### Problem description
Begin at the line below that holds "巴尔家新款醋酸西服 黑色自带高级感 干净利落的款式" and end at the line that holds "Una mujer frente", transcribing each line exactly and skipping any picture.
**** Input
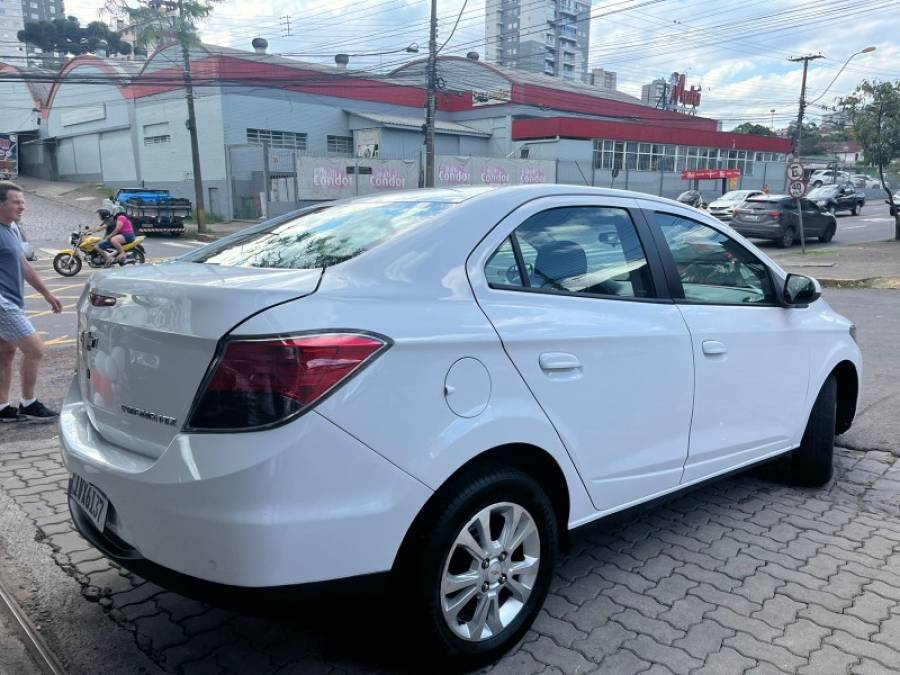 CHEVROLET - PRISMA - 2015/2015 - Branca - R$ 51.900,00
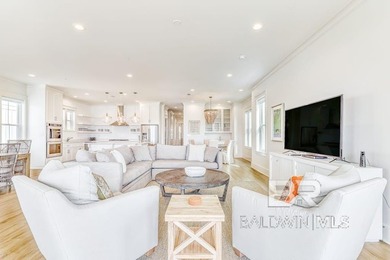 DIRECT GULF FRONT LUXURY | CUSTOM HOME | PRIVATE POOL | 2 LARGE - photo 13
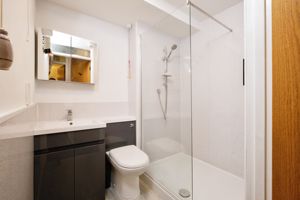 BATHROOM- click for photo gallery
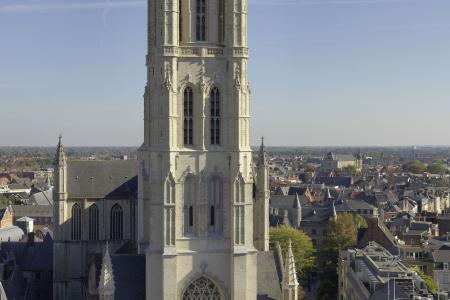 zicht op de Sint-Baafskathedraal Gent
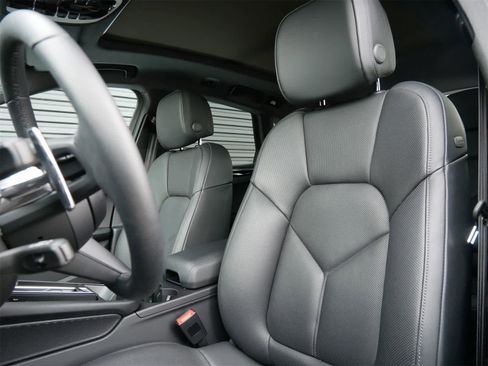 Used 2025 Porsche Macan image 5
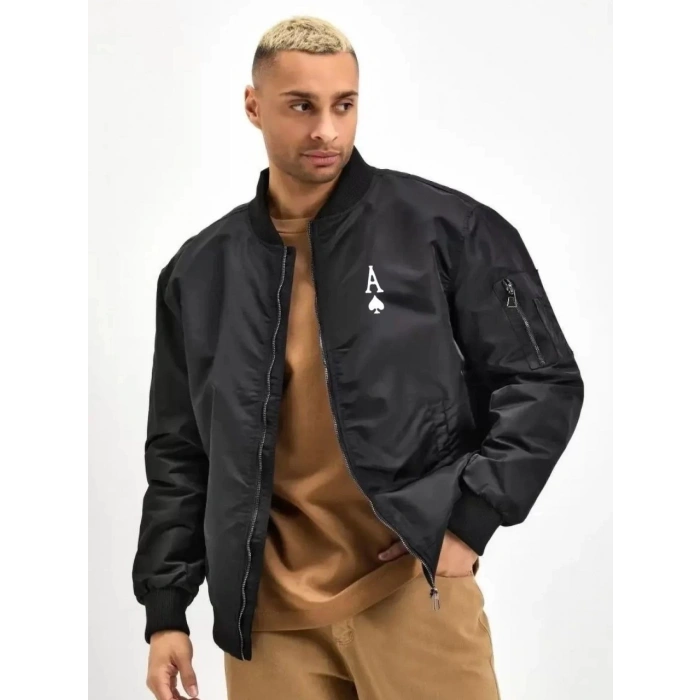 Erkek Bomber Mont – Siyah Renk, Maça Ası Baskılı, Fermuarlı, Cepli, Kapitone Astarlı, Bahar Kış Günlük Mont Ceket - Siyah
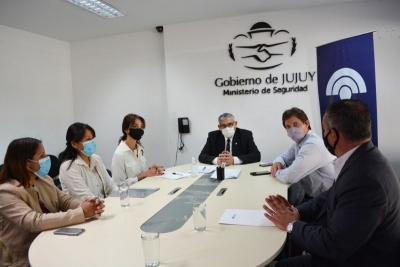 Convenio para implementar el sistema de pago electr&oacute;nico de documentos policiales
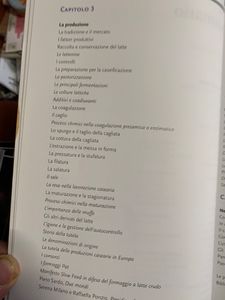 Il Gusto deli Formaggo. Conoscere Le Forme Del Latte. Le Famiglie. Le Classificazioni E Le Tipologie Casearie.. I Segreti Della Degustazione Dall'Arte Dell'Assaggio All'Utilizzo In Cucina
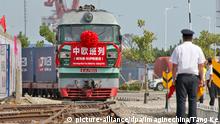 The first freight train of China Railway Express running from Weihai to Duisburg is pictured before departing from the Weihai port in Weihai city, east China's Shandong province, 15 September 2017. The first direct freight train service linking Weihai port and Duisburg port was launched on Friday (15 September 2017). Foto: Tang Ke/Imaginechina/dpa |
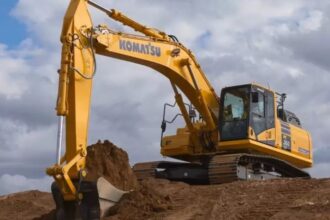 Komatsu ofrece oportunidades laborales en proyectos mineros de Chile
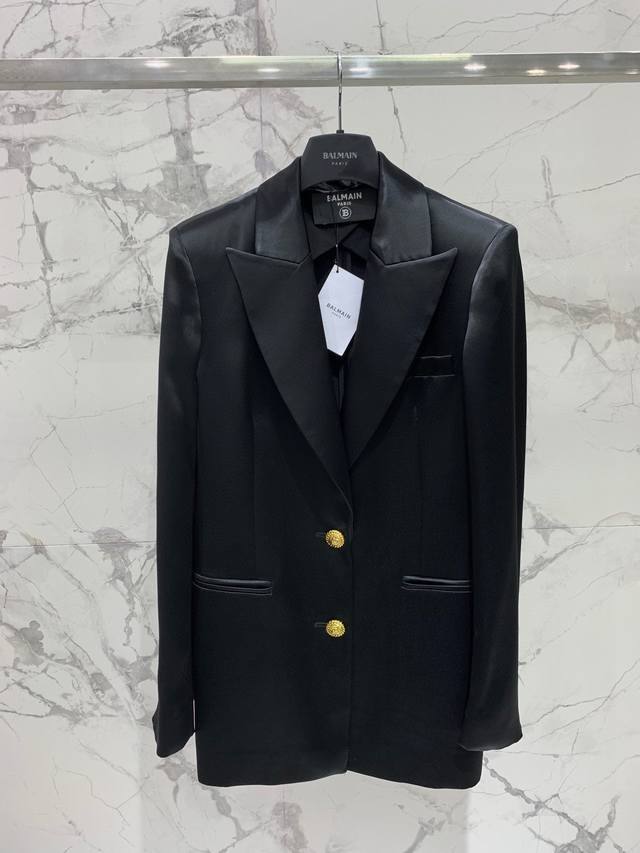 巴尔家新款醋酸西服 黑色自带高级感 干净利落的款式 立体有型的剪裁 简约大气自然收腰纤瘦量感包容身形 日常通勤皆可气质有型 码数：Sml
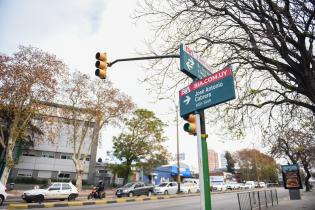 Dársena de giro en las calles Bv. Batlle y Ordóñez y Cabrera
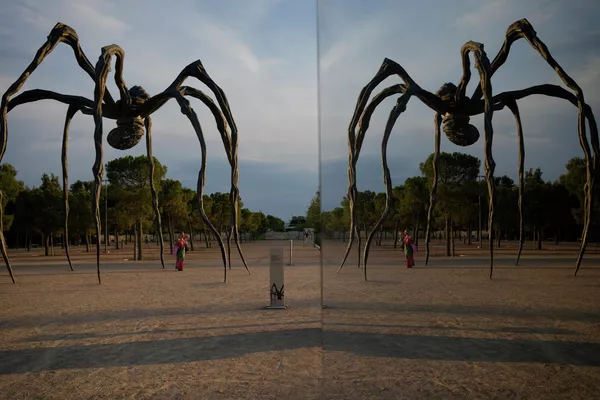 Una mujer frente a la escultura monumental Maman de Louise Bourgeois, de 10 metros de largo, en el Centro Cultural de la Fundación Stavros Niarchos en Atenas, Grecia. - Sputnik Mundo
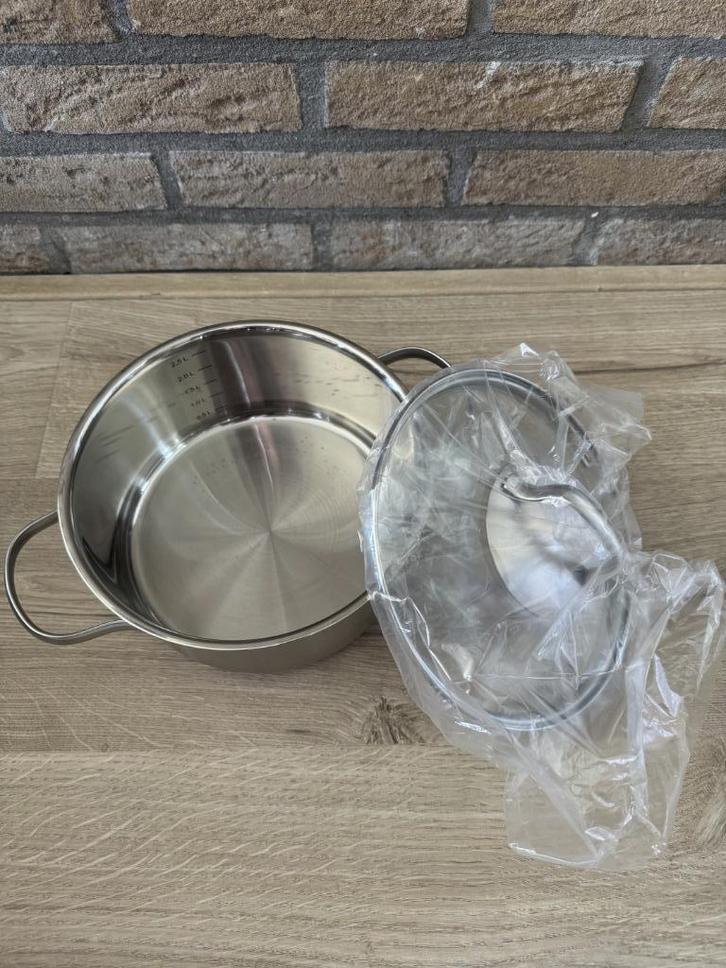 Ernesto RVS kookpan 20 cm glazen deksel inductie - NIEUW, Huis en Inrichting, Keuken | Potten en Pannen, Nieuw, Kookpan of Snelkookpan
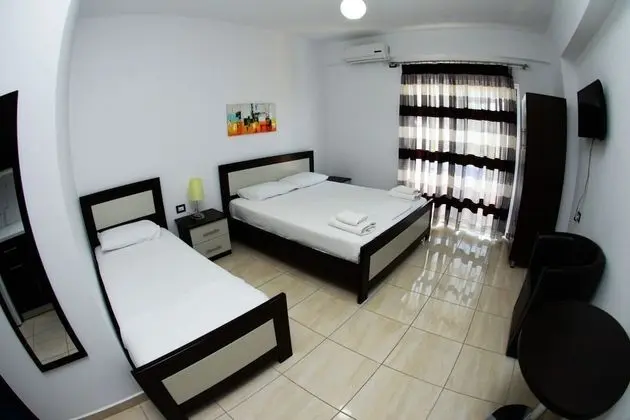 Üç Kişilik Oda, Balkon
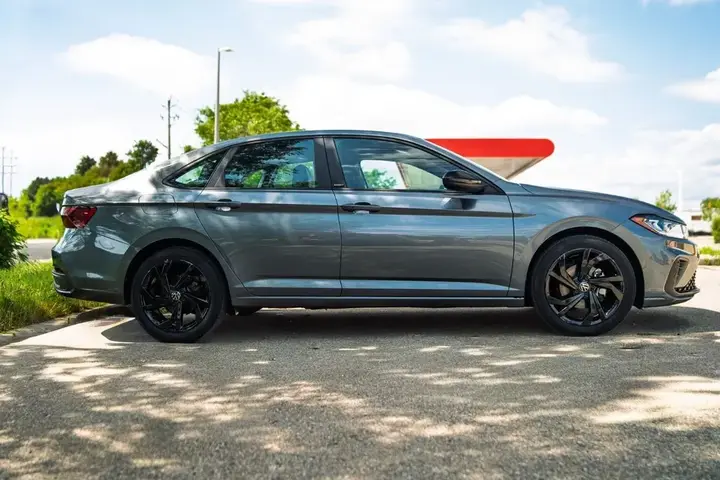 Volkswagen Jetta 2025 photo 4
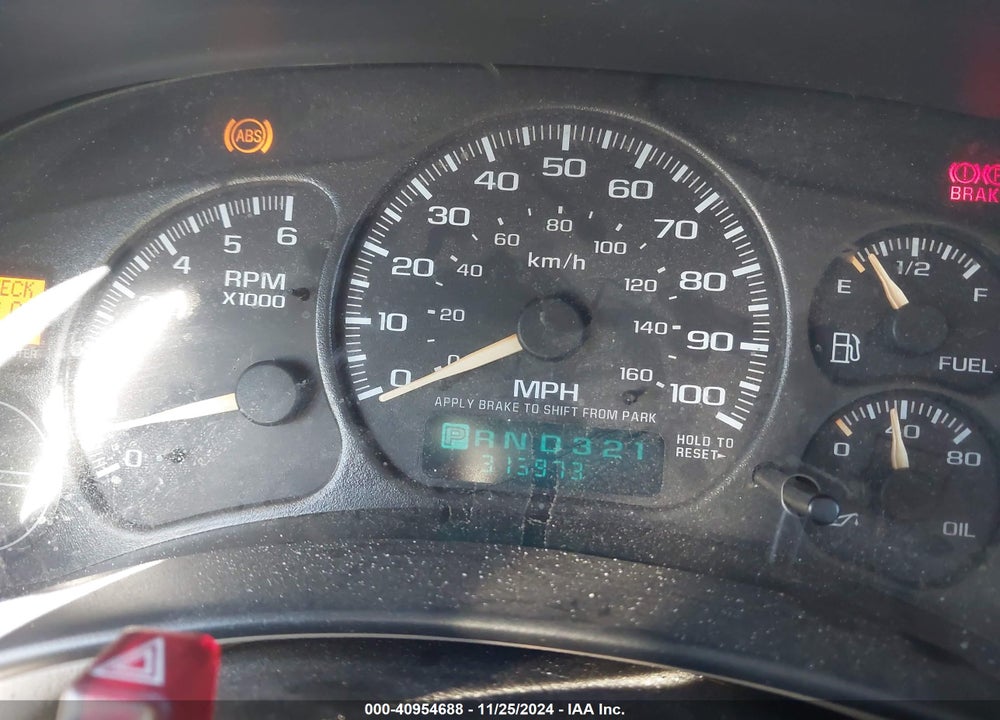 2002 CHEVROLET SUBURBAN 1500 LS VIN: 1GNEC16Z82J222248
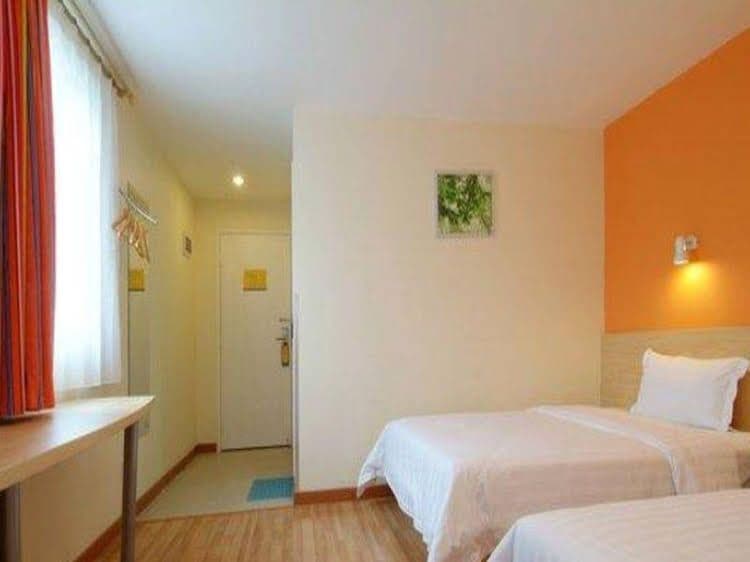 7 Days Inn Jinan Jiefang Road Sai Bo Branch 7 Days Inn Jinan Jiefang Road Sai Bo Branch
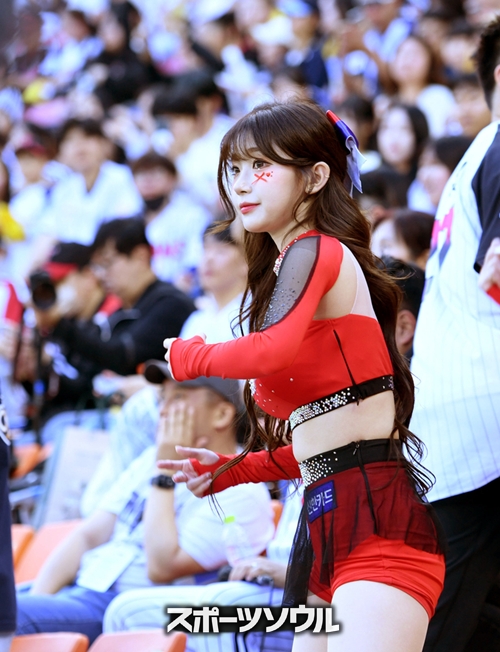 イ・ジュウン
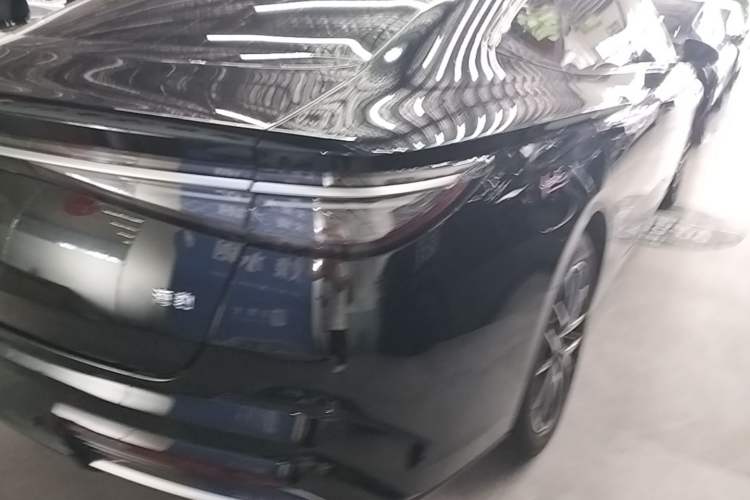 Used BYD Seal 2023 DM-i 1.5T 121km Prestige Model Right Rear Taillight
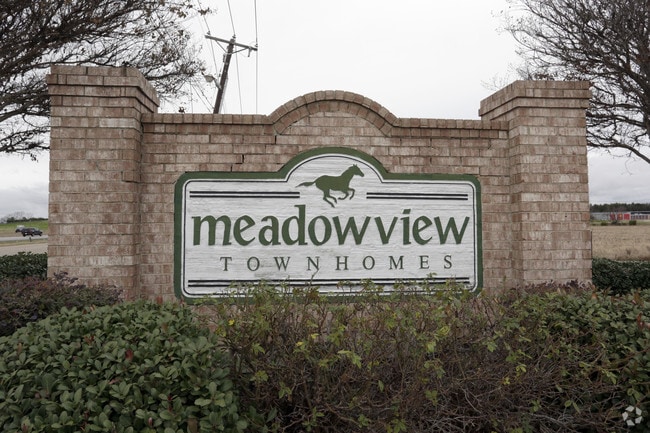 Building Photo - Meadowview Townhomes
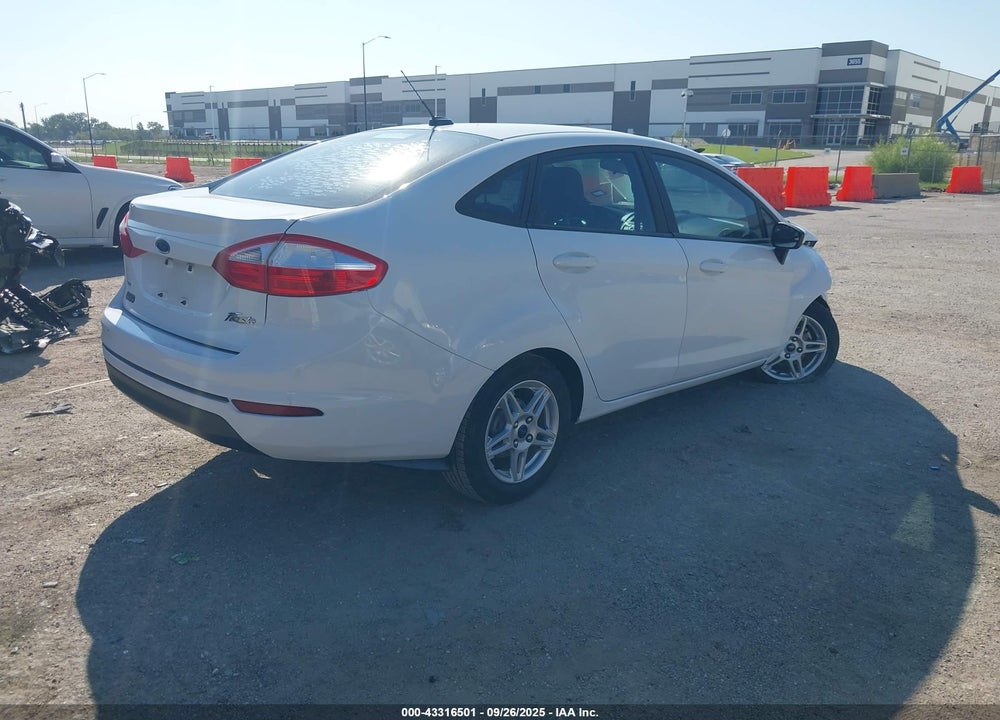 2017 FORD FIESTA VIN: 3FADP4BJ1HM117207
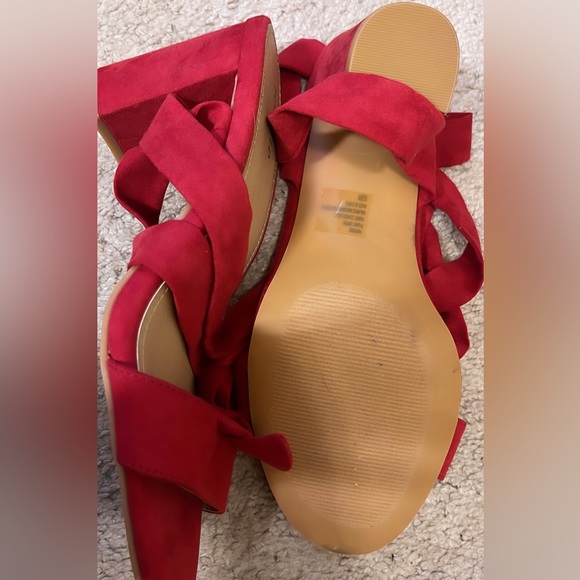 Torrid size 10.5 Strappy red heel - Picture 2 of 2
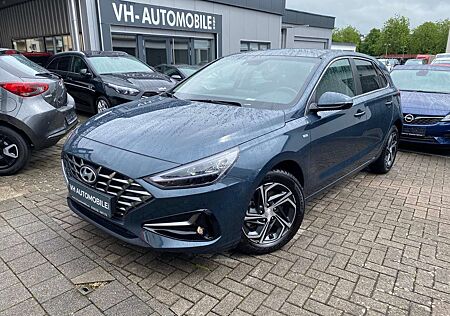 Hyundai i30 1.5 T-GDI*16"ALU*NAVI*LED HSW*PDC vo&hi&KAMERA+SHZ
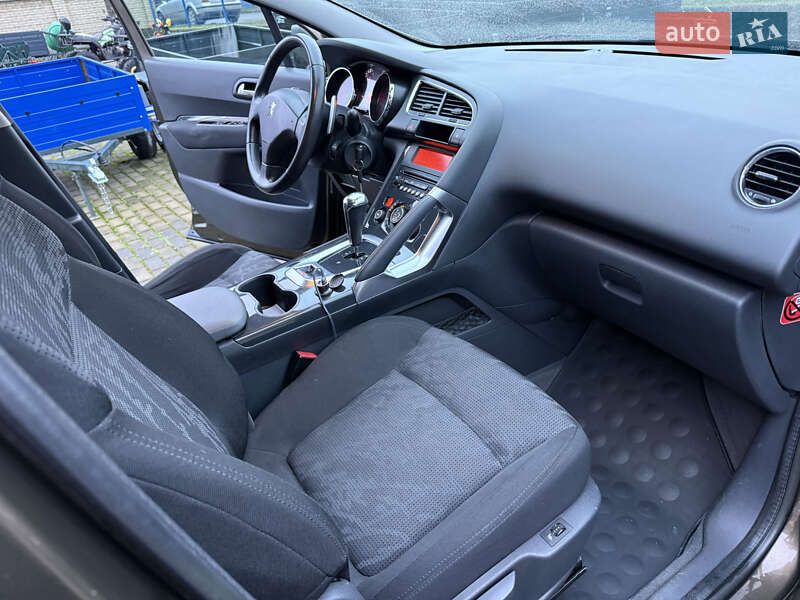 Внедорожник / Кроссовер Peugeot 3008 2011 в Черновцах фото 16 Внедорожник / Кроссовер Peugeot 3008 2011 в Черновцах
********
### Result for this task
 巴尔家新款醋酸西服 黑色自带高级感 干净利落的款式 立体有型的剪裁 简约大气自然收腰纤瘦量感包容身形 日常通勤皆可气质有型 码数：Sml
 Dársena de giro en las calles Bv. Batlle y Ordóñez y Cabrera
 Una mujer frente a la escultura monumental Maman de Louise Bourgeois, de 10 metros de largo, en el Centro Cultural de la Fundación Stavros Niarchos en Atenas, Grecia. - Sputnik Mundo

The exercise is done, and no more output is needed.